For pure jet engines, particularly with afterburner, a small amount of accuracy can be gained by not assuming the intake and exhaust massflow to be equal, since the exhaust gas also contains the added mass of the fuel injected. For turbofan engines, the exhaust massflow may be marginally smaller than the intake massflow because the engine supplies "bleed air" from the compressor to the aircraft. In most circumstances, this is not taken into account, as it makes no significant difference to the computed propulsive efficiency.

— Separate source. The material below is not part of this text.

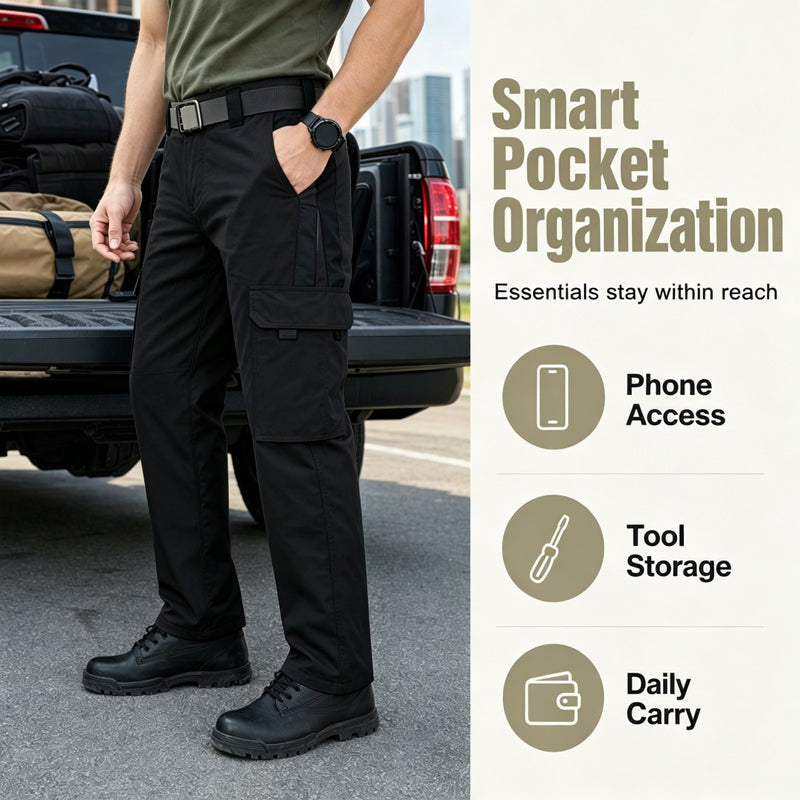 🏆🔥 LIMITED-TIME 50% OFF! 👖Men's Outdoor Multi-Pocket Cargo Pants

By computing the exhaust velocity from the equation for thrust (while still assuming ${\displaystyle {\dot {m}}_{\mathrm {exh} }={\dot {m}}_{\mathrm {in} }={\dot {m}}}$), we can also obtain the propulsive efficiency as a function of specific thrust (${\displaystyle T/{\dot {m}}}$):

${\displaystyle \eta _{\mathrm {p} }={\frac {v_{0}}{v_{0}+{\frac {1}{2}}{\frac {T}{\dot {m}}}}}}$

A corollary of this is that, particularly in air breathing engines, it is more energy efficient to accelerate a large amount of air by a small amount, than it is to accelerate a small amount of air by a large amount, even though the thrust is the same. This is why turbofan engines are more efficient than simple jet engines at subsonic speeds.

A rocket engine's ${\displaystyle \eta _{\mathrm {c} }}$ is usually high due to the high combustion temperatures and pressures, and the long converging-diverging nozzle used. It varies slightly with altitude due to changing atmospheric pressure, but can be up to 70%. Most of the remainder is lost as heat in the exhaust.

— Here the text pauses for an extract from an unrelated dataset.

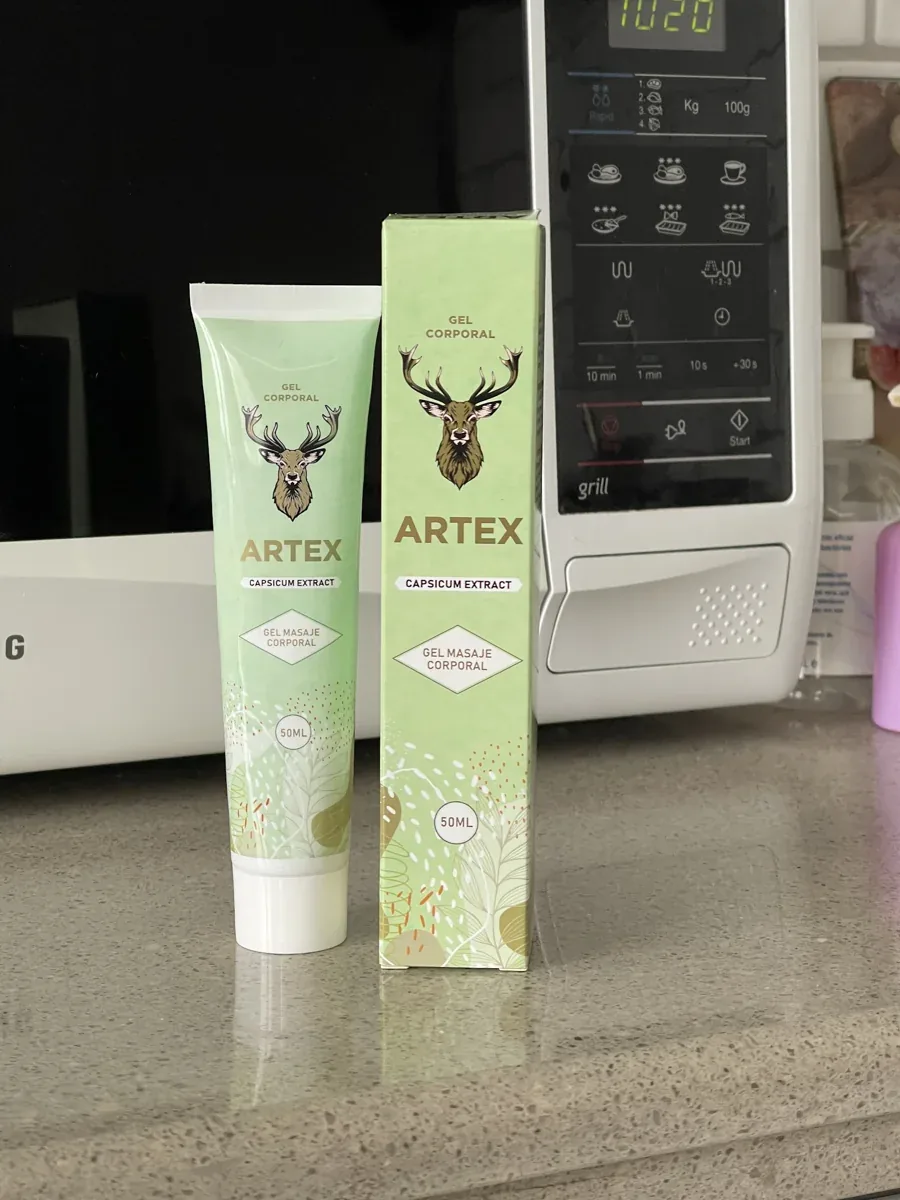 Artex Varices — foto real del producto recibido, no una imagen de estudio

Rocket engines have a slightly different propulsive efficiency (${\displaystyle \eta _{\mathrm {p} }}$) than air-breathing jet engines, as the lack of intake air changes the form of the equation. This also allows rockets to exceed their exhaust's velocity.

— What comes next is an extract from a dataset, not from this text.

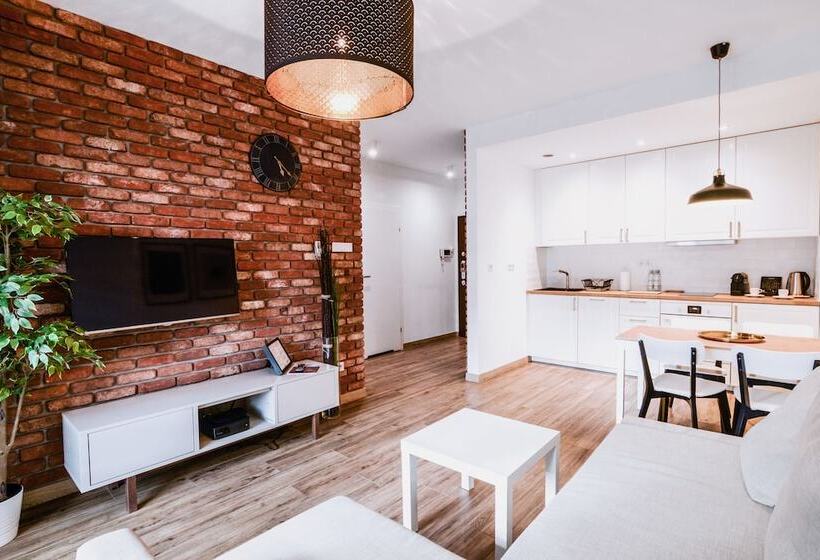آپارتمان سوپریور 1 خوابه, Browar Lubicz Residence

${\displaystyle \eta _{\mathrm {p} }={\frac {2{\frac {v_{0}}{v_{9}}}}{1+({\frac {v_{0}}{v_{9}}})^{2}}}}$^[5]

Similarly to jet engines, matching the exhaust speed and the vehicle speed gives optimum efficiency, in theory. However, in practice, this results in a very low specific impulse, causing much greater losses due to the need for exponentially larger masses of propellant. Unlike ducted engines, rockets give thrust even when the two speeds are equal.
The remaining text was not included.